→ **Supplied data**:
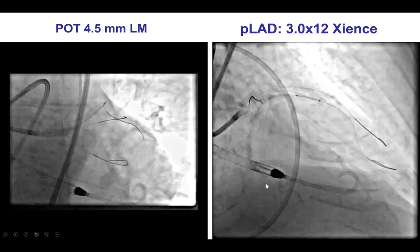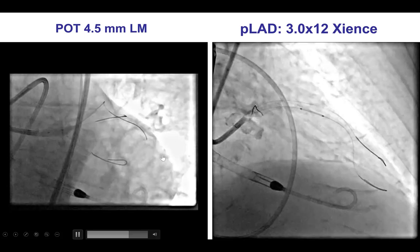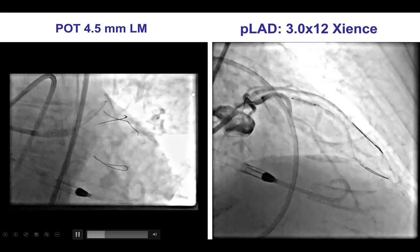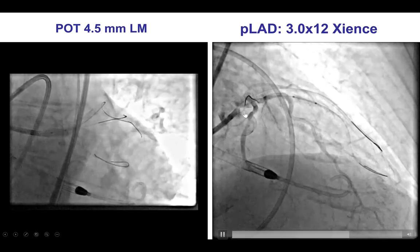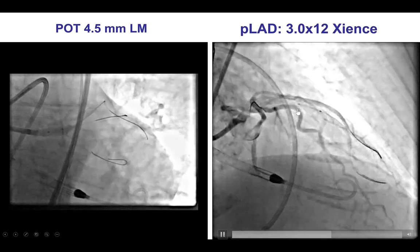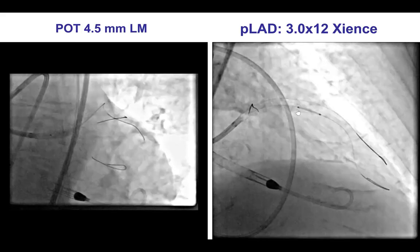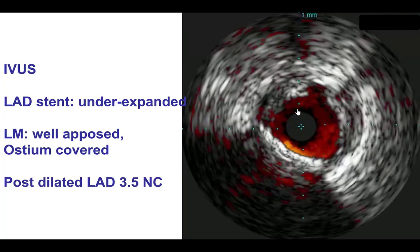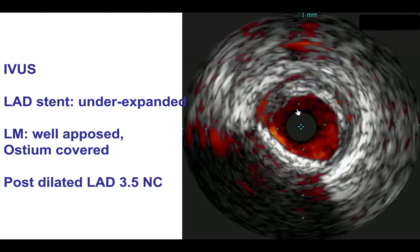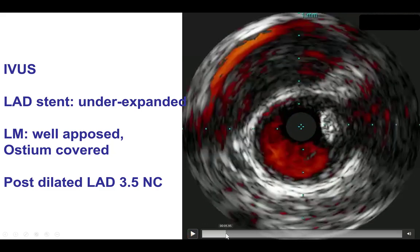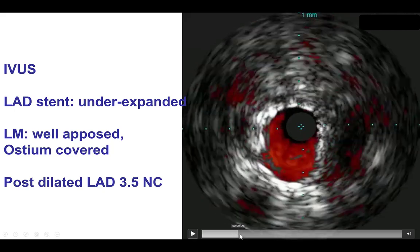The stent was placed. We then did the proximal optimization technique with a 4.5 mm balloon in the left main, and then stented a lesion more distal in the LAD with a 3.0 mm drug-eluting stent. With the intravascular ultrasound — again, given the calcification, ostial disease, and left main disease — imaging is critical.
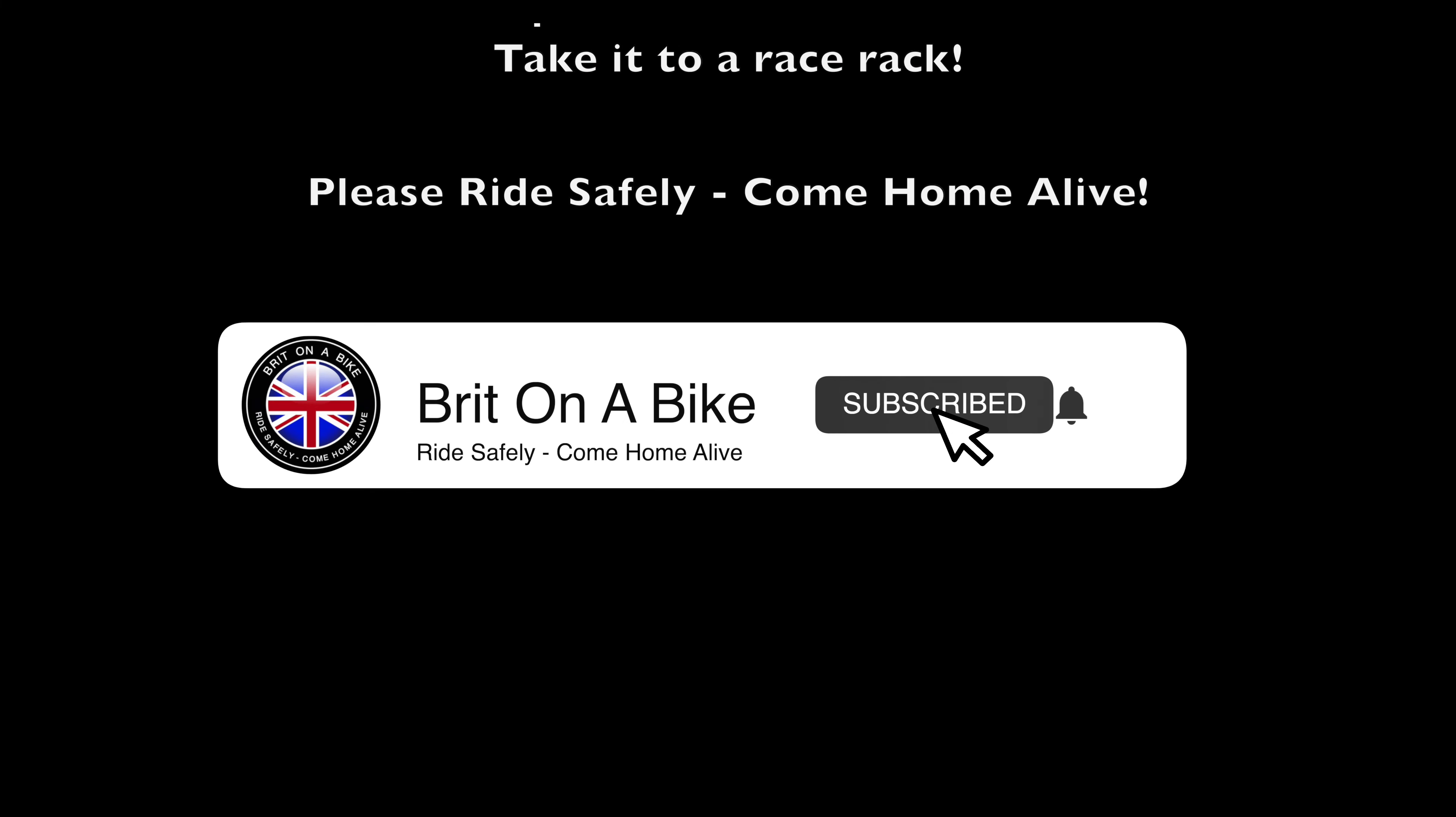Testing the zero to 60 time. Anyway, this is a controlled environment so we are safe. Thanks for watching, please subscribe, please comment, feel free to share these videos on social media with your friends. Give me a thumbs up if you like it. Until the next one, please ride safely, come home alive. Take it easy.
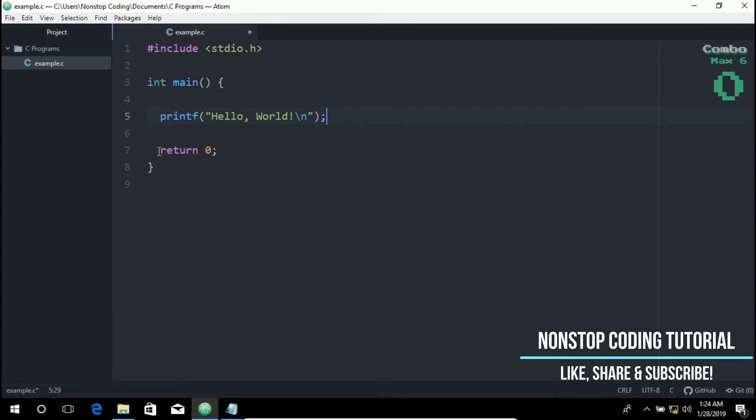So this statement terminates the main function and returns the value zero to the calling process. So the number zero generally means that our program has successfully executed. Any other number indicates that the program has failed.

→ **The task**: Output the data verbatim, images excluded.

→ **Solution**:
The stent was placed. We then did the proximal optimization technique with a 4.5 mm balloon in the left main, and then stented a lesion more distal in the LAD with a 3.0 mm drug-eluting stent. With the intravascular ultrasound — again, given the calcification, ostial disease, and left main disease — imaging is critical.
Testing the zero to 60 time. Anyway, this is a controlled environment so we are safe. Thanks for watching, please subscribe, please comment, feel free to share these videos on social media with your friends. Give me a thumbs up if you like it. Until the next one, please ride safely, come home alive. Take it easy.
So this statement terminates the main function and returns the value zero to the calling process. So the number zero generally means that our program has successfully executed. Any other number indicates that the program has failed.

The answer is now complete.